The crisp fall days send me outdoors to work. I can't stay inside, and, squirrel-like, I feel like I have to accomplish something BIG before winter sets in. So in the third week of October, I set myself a goal to clear the road to my oil well before the Big Mow on Saturday, November 9, 2024. You see, this summer (2024) the oil and gas company that holds a lease on my oil well ( a common feature of every 40 acre parcel in my area of southeast Ohio) decided, after probably 15 years of neglect, to bulldoze and widen the service road that goes to the well. Which was a total surprise to me. I was delighted, having decided they would never again do any real maintenance on it, and it was all up to me to keep it open. The only hitch was that the dozer simply pushed all the brush over to the sides and it looked like hell. Worse, it would be a nursery for multiflora rose, which would come up like gangbusters under the protection of all the brush and fallen logs. And then I'd have as bad a mess as I started with.
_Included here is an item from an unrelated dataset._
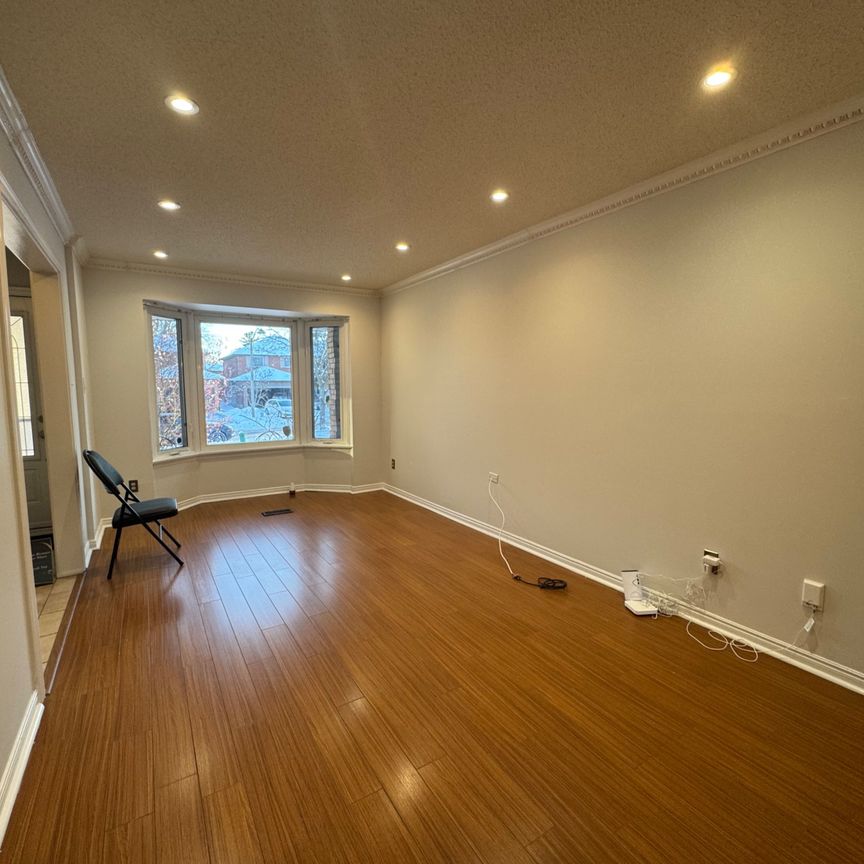 For Lease - 1019 Rouge Valley Drive, Pickering, Ontario - Photo 1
The idea was, I'd get all the brush cleared from the bulldozing of this road, which runs along the east edge of my big meadow. I'd load it in my little wagon, pull it with the Deere tractor, and pile it on an already enormous brushpile in the meadow, just in case we might be able to burn it on Mow Day.
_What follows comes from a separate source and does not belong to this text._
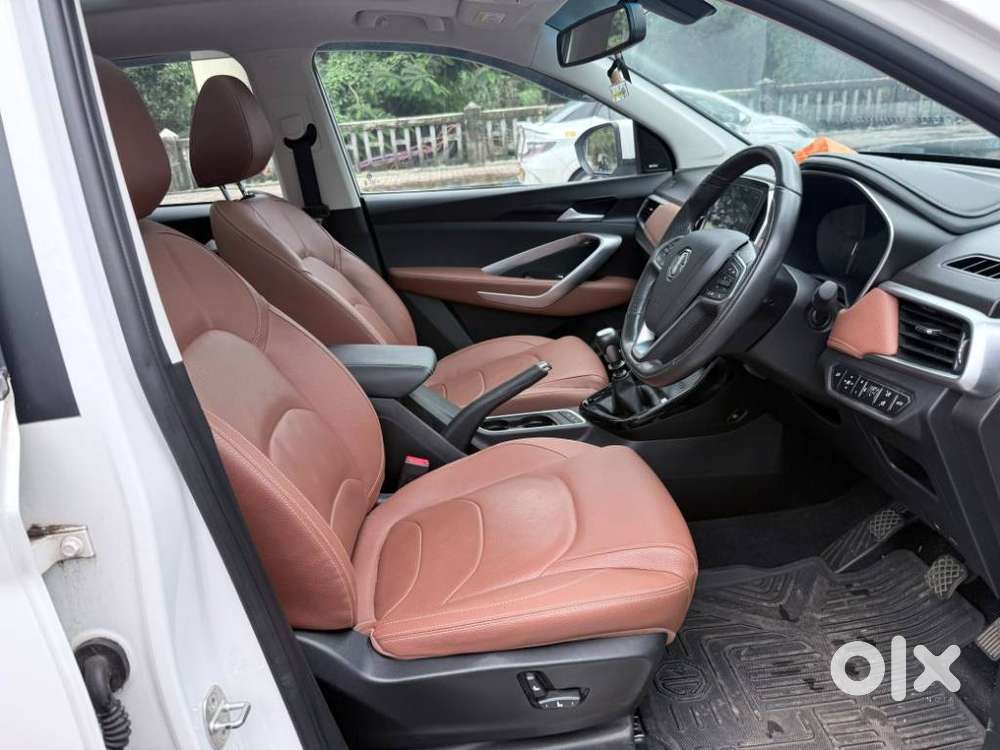Mg Hector Plus Sharp Pro 2.0 Turbo Diesel 6 Str, 2022, Diesel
I knew, with the Extreme drought now going into its sixth consecutive month (we've had less than 5" of rain in six months!!) that the likelihood of being able to burn it was nil. But I still wanted to try to get the brush cut and gathered and hauled. I got serious about it on October 27, my first full day of clearing. It began to sink in on me how big the job was when I looked and I had cleared maybe 200' of road after working all day. First, I have to chainsaw the brush and logs down to manageable pieces. Then I load them in the wagon and pull it with my little John Deere X300 to the brushpile. I figured out that five loads is the maximum I can expect to get cut, loaded and thrown on the pile in a day of work. After five, I'm too tired to do more.